KENNEBUNKPORT – On Thursday at 1 p.m. in Room 438 of the State House, Maine’s 280 guardians ad litem will face a “moment of truth” at a public hearing of the Legislature’s Judiciary Committee on four separate bills aimed at guardian ad litem reform.

These bills respond with a variety of approaches to the complaints and problems that have been documented by a year-old grass-roots support group called Maine Guardian ad litem Alert.

The demographics behind these problems are those of divorce in Maine, where 60 percent of all marriages end in divorce, and recent data give the annual number of Maine divorces of couples with children as about 3,200 per year.

In normal divorces, as well as in children’s protective situations, a judge may appoint a guardian ad litem to aid the court in making child-custody decisions.

Maine guardians ad litem suffer from 39 years of serious managerial neglect, allegedly because of a chronic government failure to fund supervision.

Therefore, quite unbelievably, guardians ad litem operate with no formal oversight, no supervision and an absent, often self-improvised, job description. As one might imagine, it is a formula for chaos and disaster. It has led to complaints of what could be called “civilized barbarism” in the handling of children and their parents.

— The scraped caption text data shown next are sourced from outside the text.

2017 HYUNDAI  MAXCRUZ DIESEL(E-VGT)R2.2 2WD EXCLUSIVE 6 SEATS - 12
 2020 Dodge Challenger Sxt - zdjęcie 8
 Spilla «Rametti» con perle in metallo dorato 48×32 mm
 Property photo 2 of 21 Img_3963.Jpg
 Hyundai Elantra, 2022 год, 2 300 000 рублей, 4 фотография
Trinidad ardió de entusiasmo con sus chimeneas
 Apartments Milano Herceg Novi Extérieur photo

While there are published rules for guardians ad litem, there is no one in the judicial branch of government assigned to enforce them. Much of what guardians do happens out of court, unnoticed by the judges that appoint them.

Likewise, public complaints are possible, but without any guidelines, without instructions about making a complaint and without criteria for what constitutes the basis for a complaint, they go nowhere. Making a complaint is, effectively, a guessing game for the public, and complaints are almost entirely dismissed.

We offer here a very abbreviated list of just a few of many guardian ad litem complaints that have been brought to our attention by those involved in a divorce. Virtually all of these complaints have been dismissed by the current official complaint process.

We suspect the public might find this routine dismissal disturbing. In our opinion, they should at the least warrant investigation and some form of corrective action. To many people, these dismissals are unmistakable symptoms of serious managerial deficiencies.

The guardian ad litem recommended that the “child’s best interest” was best served by custody with a parent with diagnosed, active mental illness. The other parent had no such condition. This is not an uncommon situation.

The guardian ad litem took no protective or investigative action when it was brought to her attention that the preschool child had cigarette burns on his arm and welts on his back.

The guardian ad litem recommended against acting on correction of a congenital eye problem denied by one parent but diagnosed by a pediatric ophthalmologist because “that’s what doctors always want to do: recommend treatment for patients.”

The guardian ad litem recommended that a 3-year-old girl was better off in the custody of her out-of-state father rather than her grandparents. The child’s father has a history of alcohol and drug abuse, jail time and sexual abuse.

In many cases, the guardian ad litem completely failed to meet and/or failed to form a relationship with the child, which is said to be a core responsibility for determining the “child’s best interest” for the court.

Guardian ad litem billing practices for their services are a very frequent source of consumer anguish.

There are no standards for guardian ad litem billing. Some guardians ad litem bill monthly; others bill only at the end of a case.

Itemization of billable time may or may not be done, and bills can vary enormously from $70,000 to $38,000 to half or a quarter of a couple’s income. There is no cap or means test for controlling guardian ad litem fees.

Consumers are frequently intimidated into signing contracts, fearing that not to do so will affect guardian ad litem custody recommendations for their child. Contract enforcement is by courts familiar to guardians ad litem but not consumers. It’s a civil rights nightmare.

In our opinion, documented problems like these are an urgent cry for professional management of guardians ad litem. The guardian ad litem program has been out of control for a scandalously long time. It is causing harm to Maine’s children, and it urgently needs to be fixed.

We hope that Maine’s 126th Legislature will respond to our cry for help and end these abuses that ill become a democratic society.

Jerome A. Collins, M.D., of Kennebunkport is a member of Maine Guardian ad litem Alert.